Le belle parole
Come il Santo Natale, che sorprende con l'accensione delle luminarie stradali quando ancora non siamo a metà dell'autunno, anche il premio Strega quest'anno gioca d'anticipo. Le candidature dovrebbero maturare tra il primo e il quindici aprile, appoggiate ciascuna da due presentatori che si fanno garanti del fatto che lo scrittore prescelto accetti la competizione.
Come il Santo Natale, che sorprende con l'accensione delle luminarie stradali quando ancora non siamo a metà dell'autunno, anche il premio Strega quest'anno gioca d'anticipo. Le candidature dovrebbero maturare tra il primo e il quindici aprile, appoggiate ciascuna da due presentatori che si fanno garanti del fatto che lo scrittore prescelto accetti la competizione. Fu ad aprile del 2009 che Daniele Del Giudice fece il gran rifiuto, dopo che Mario Fortunato (sconfitto l'anno precedente da Niccolò Ammaniti) lo indicò come sicuro vincitore con “Orizzonte Mobile”. Il superfavorito di quest'anno – Walter Veltroni – rinuncia alla candidatura con due mesi di anticipo, seguendo una tempistica tutta sua. Era da un po' infatti che il nome dell'ex segretario del Pd non veniva rilanciato dai soliti pettegolezzi, letterari e no. Era da un po' che la saga italiana “Noi” – tre giovani e una giovinetta colti in momenti epocali – non veniva considerato un imperdibile romanzo.

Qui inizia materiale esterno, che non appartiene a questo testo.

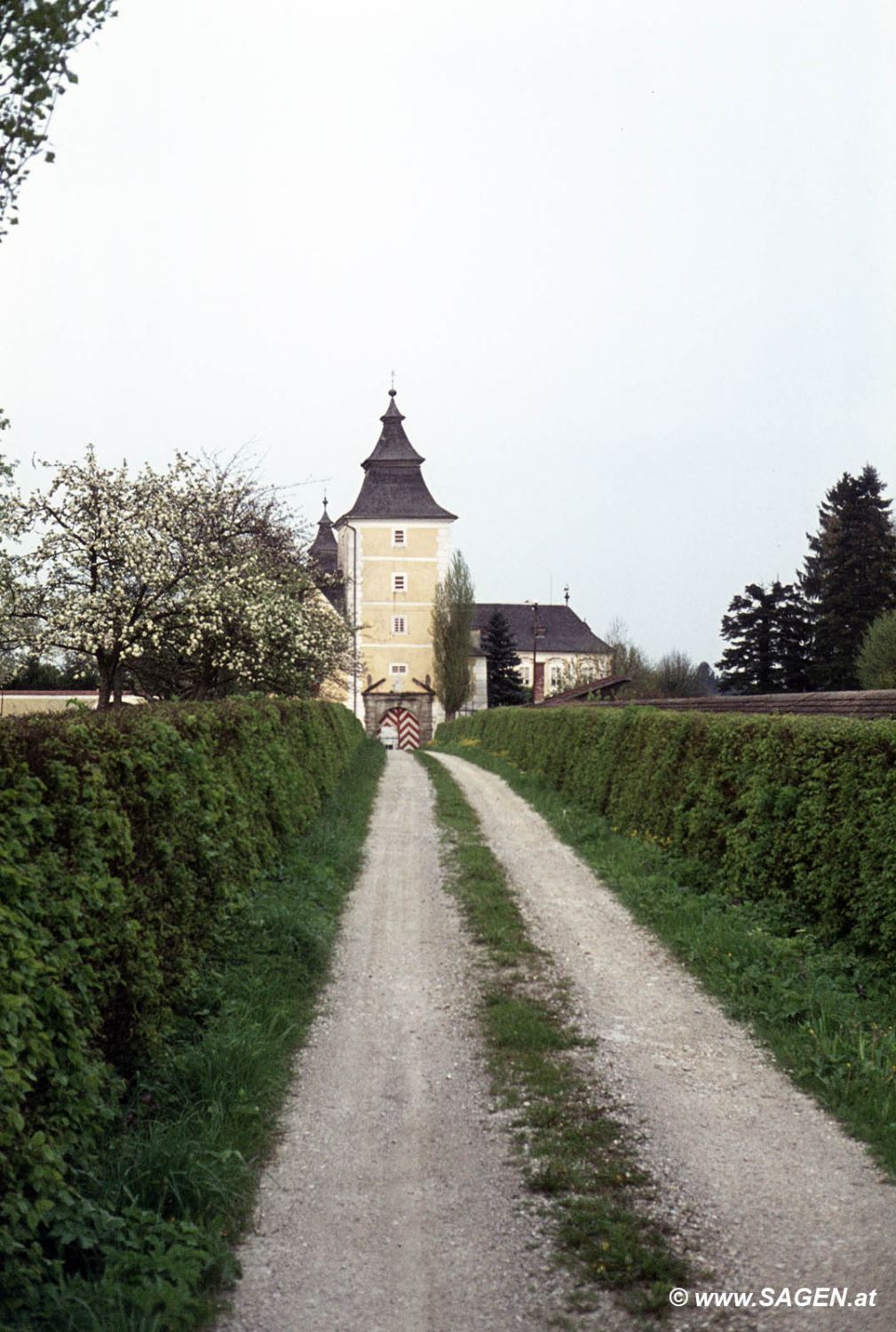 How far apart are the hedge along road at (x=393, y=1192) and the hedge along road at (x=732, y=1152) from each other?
2.34ft

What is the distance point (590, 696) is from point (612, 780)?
27.8 metres

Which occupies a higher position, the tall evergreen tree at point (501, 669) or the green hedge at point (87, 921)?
the tall evergreen tree at point (501, 669)

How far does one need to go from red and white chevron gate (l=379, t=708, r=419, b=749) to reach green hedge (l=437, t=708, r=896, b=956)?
176ft

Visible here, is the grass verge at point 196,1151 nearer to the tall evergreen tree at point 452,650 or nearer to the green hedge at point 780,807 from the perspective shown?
the green hedge at point 780,807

Chiedere di non essere candidato ricorda l'esistenza del libro a chi ormai l'aveva scordato, e non si ricorderebbe neanche con l'omonimo cd, ed è l'occasione per un esercizio retorico che mentre dice “no, grazie” mette in fila una serie di argomenti che suggeriscono il contrario. Peccato esistano le malelingue, a impedire che un simile capolavoro occupi il posto che gli spetta nelle patrie lettere, giacché “è piaciuto tanto ai lettori e ai critici”. Peccato esistano i malpensanti. Veltroni fa un passo indietro, ma sente il bisogno di mettere agli atti che “qualcuno, presentando il romanzo, ha detto che ‘se non l'avesse scritto un uomo politico' il successo di ‘Noi' sarebbe stato ancora più grande”. “Ma sono contento così”, aggiunge con modestia, epperò coglie l'occasione per far l'elenco completo dei suoi libri. Il dubbio che la politica c'entri qualcosa con la facilità a pubblicare e con le recensioni entusiastiche non lo sfiora. Si sa che la politica, in Italia, è un tremendissimo handicap.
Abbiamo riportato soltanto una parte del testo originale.